[EXERCISE INPUTS Boundary: Start]
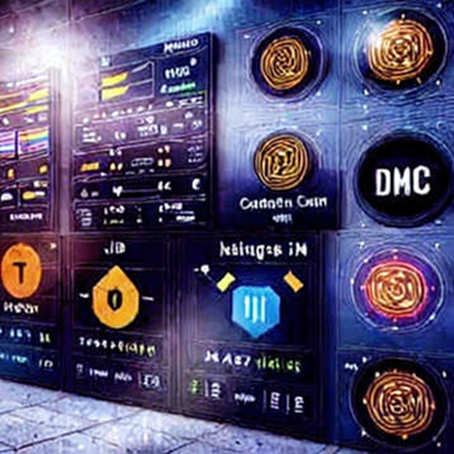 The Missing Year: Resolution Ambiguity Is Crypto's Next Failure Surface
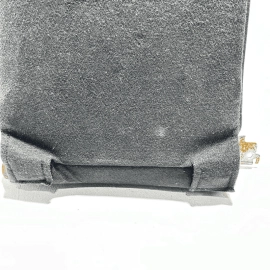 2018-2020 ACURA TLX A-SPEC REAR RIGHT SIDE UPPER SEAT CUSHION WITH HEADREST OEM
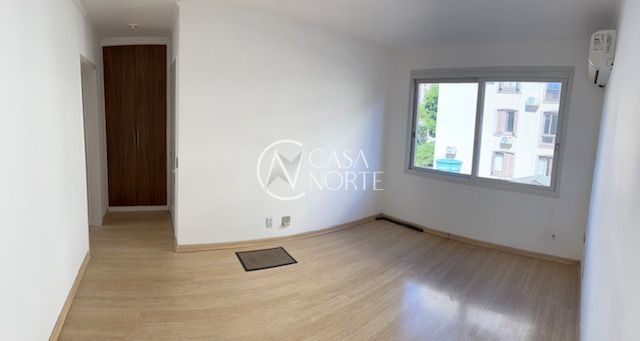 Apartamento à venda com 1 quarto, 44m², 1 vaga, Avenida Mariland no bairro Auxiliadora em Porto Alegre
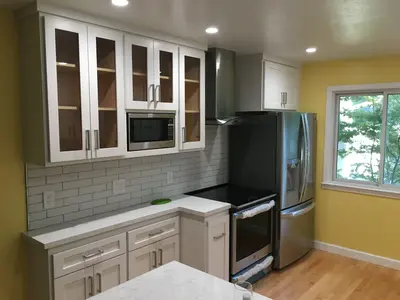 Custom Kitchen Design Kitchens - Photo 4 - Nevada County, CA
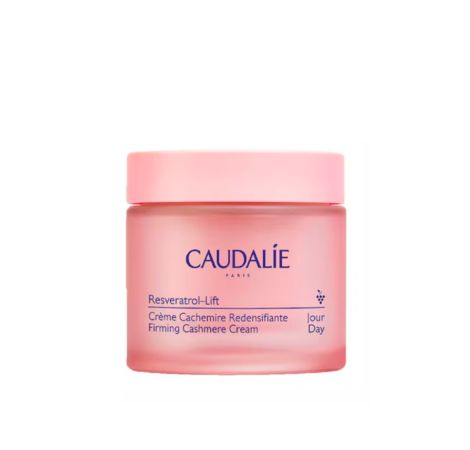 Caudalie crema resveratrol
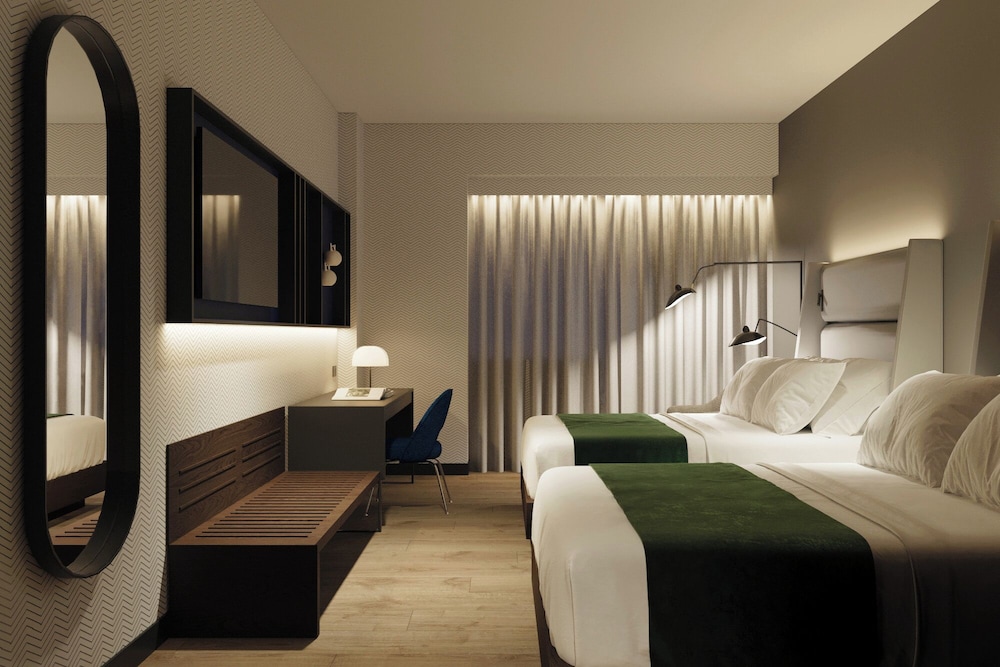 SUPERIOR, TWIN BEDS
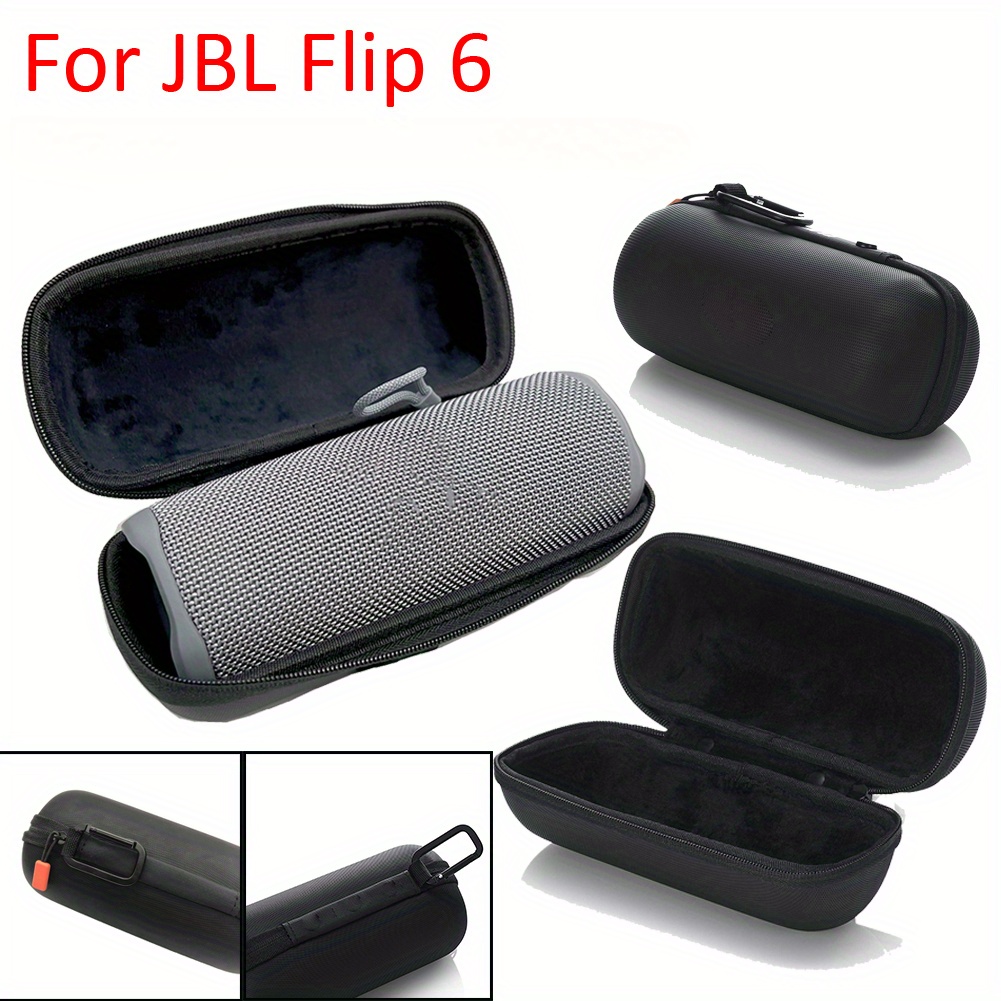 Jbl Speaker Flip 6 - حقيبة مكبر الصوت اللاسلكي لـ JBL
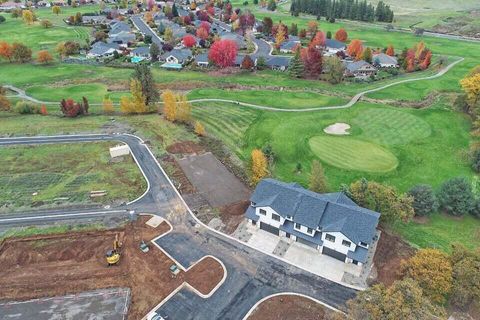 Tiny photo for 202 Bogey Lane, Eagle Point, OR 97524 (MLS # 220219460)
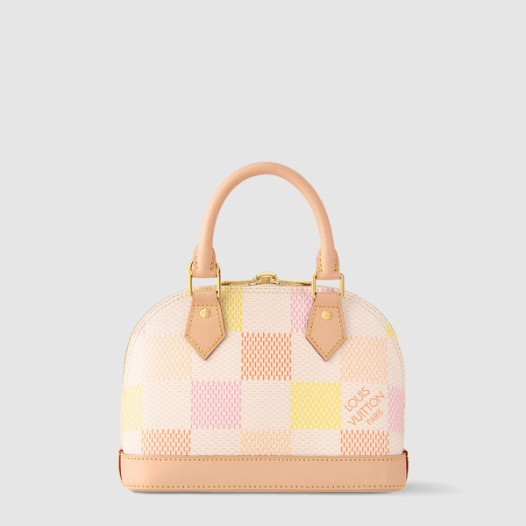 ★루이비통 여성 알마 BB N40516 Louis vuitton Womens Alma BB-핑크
[EXERCISE INPUTS Boundary: End]
◆ WHAT YOU NEED TO DO ◆
Only the records, copied exactly and without pictures, should make up the answer.

◆ PROBLEM SOLUTION ◆
 The Missing Year: Resolution Ambiguity Is Crypto's Next Failure Surface
 2018-2020 ACURA TLX A-SPEC REAR RIGHT SIDE UPPER SEAT CUSHION WITH HEADREST OEM
 Apartamento à venda com 1 quarto, 44m², 1 vaga, Avenida Mariland no bairro Auxiliadora em Porto Alegre
 Custom Kitchen Design Kitchens - Photo 4 - Nevada County, CA
 Caudalie crema resveratrol
 SUPERIOR, TWIN BEDS
 Jbl Speaker Flip 6 - حقيبة مكبر الصوت اللاسلكي لـ JBL
 Tiny photo for 202 Bogey Lane, Eagle Point, OR 97524 (MLS # 220219460)
 ★루이비통 여성 알마 BB N40516 Louis vuitton Womens Alma BB-핑크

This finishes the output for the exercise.